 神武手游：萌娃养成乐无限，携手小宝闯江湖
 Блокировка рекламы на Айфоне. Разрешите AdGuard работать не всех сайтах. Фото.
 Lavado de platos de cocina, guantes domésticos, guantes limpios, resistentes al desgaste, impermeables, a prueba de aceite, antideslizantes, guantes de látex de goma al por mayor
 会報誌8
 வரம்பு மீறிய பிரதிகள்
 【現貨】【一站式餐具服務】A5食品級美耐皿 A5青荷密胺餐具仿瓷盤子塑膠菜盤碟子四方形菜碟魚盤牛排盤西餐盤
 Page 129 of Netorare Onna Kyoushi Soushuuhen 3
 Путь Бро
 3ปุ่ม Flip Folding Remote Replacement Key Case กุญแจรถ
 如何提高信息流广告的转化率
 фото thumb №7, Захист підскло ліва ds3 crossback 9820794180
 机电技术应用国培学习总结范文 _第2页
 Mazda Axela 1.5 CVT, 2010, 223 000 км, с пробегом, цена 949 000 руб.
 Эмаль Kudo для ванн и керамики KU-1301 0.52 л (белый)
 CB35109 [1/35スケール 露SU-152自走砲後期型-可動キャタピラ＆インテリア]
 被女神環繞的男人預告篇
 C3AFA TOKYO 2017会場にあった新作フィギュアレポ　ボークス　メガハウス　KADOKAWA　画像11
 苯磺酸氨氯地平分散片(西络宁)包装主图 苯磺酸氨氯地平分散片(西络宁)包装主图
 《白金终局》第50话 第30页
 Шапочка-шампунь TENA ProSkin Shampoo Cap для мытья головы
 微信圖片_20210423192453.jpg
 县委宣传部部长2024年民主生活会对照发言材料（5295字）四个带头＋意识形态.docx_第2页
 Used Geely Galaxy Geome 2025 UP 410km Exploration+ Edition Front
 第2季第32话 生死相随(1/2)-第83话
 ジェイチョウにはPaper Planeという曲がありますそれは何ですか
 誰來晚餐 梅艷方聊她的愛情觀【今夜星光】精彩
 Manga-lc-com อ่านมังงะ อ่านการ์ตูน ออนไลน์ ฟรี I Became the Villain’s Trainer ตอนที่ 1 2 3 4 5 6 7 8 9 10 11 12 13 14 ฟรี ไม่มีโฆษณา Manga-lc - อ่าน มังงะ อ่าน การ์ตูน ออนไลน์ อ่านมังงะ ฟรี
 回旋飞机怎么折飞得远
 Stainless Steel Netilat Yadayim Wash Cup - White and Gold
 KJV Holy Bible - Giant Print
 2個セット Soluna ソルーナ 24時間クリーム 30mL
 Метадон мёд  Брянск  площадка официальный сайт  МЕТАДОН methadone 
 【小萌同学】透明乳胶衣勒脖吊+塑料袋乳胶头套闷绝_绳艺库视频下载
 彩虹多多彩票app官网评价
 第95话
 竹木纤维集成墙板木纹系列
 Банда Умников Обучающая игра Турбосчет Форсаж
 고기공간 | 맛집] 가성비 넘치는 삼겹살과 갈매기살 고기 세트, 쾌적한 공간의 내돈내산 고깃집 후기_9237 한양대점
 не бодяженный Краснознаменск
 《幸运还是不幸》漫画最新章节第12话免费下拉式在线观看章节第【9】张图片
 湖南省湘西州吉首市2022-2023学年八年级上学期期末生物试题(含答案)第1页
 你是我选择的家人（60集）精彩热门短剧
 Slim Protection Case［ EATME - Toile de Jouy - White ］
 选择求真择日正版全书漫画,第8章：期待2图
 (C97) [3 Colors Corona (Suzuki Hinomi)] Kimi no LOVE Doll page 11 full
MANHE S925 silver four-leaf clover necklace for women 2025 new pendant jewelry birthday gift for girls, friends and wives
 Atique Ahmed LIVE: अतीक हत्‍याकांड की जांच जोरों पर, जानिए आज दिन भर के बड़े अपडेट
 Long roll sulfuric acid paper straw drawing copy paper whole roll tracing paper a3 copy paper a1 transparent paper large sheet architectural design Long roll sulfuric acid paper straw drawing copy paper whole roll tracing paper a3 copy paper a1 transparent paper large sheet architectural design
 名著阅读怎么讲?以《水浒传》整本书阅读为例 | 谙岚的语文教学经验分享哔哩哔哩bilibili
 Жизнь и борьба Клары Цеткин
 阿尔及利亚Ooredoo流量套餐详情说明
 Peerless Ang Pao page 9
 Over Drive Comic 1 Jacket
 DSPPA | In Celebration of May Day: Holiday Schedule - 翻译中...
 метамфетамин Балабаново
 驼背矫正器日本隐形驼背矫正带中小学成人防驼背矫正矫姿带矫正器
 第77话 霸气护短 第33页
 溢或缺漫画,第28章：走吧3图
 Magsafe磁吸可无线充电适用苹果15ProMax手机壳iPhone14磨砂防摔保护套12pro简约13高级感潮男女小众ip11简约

━━━━━━━━━━━━━━━━━━━━

Directions: Retype exactly, and only, the lines above from the one where "被女神環繞的男人預告篇" occurs up to and including the one where "Жизнь и борьба Клары Цеткин" occurs.

Finished exercise:
 被女神環繞的男人預告篇
 C3AFA TOKYO 2017会場にあった新作フィギュアレポ　ボークス　メガハウス　KADOKAWA　画像11
 苯磺酸氨氯地平分散片(西络宁)包装主图 苯磺酸氨氯地平分散片(西络宁)包装主图
 《白金终局》第50话 第30页
 Шапочка-шампунь TENA ProSkin Shampoo Cap для мытья головы
 微信圖片_20210423192453.jpg
 县委宣传部部长2024年民主生活会对照发言材料（5295字）四个带头＋意识形态.docx_第2页
 Used Geely Galaxy Geome 2025 UP 410km Exploration+ Edition Front
 第2季第32话 生死相随(1/2)-第83话
 ジェイチョウにはPaper Planeという曲がありますそれは何ですか
 誰來晚餐 梅艷方聊她的愛情觀【今夜星光】精彩
 Manga-lc-com อ่านมังงะ อ่านการ์ตูน ออนไลน์ ฟรี I Became the Villain’s Trainer ตอนที่ 1 2 3 4 5 6 7 8 9 10 11 12 13 14 ฟรี ไม่มีโฆษณา Manga-lc - อ่าน มังงะ อ่าน การ์ตูน ออนไลน์ อ่านมังงะ ฟรี
 回旋飞机怎么折飞得远
 Stainless Steel Netilat Yadayim Wash Cup - White and Gold
 KJV Holy Bible - Giant Print
 2個セット Soluna ソルーナ 24時間クリーム 30mL
 Метадон мёд  Брянск  площадка официальный сайт  МЕТАДОН methadone 
 【小萌同学】透明乳胶衣勒脖吊+塑料袋乳胶头套闷绝_绳艺库视频下载
 彩虹多多彩票app官网评价
 第95话
 竹木纤维集成墙板木纹系列
 Банда Умников Обучающая игра Турбосчет Форсаж
 고기공간 | 맛집] 가성비 넘치는 삼겹살과 갈매기살 고기 세트, 쾌적한 공간의 내돈내산 고깃집 후기_9237 한양대점
 не бодяженный Краснознаменск
 《幸运还是不幸》漫画最新章节第12话免费下拉式在线观看章节第【9】张图片
 湖南省湘西州吉首市2022-2023学年八年级上学期期末生物试题(含答案)第1页
 你是我选择的家人（60集）精彩热门短剧
 Slim Protection Case［ EATME - Toile de Jouy - White ］
 选择求真择日正版全书漫画,第8章：期待2图
 (C97) [3 Colors Corona (Suzuki Hinomi)] Kimi no LOVE Doll page 11 full
MANHE S925 silver four-leaf clover necklace for women 2025 new pendant jewelry birthday gift for girls, friends and wives
 Atique Ahmed LIVE: अतीक हत्‍याकांड की जांच जोरों पर, जानिए आज दिन भर के बड़े अपडेट
 Long roll sulfuric acid paper straw drawing copy paper whole roll tracing paper a3 copy paper a1 transparent paper large sheet architectural design Long roll sulfuric acid paper straw drawing copy paper whole roll tracing paper a3 copy paper a1 transparent paper large sheet architectural design
 名著阅读怎么讲?以《水浒传》整本书阅读为例 | 谙岚的语文教学经验分享哔哩哔哩bilibili
 Жизнь и борьба Клары Цеткин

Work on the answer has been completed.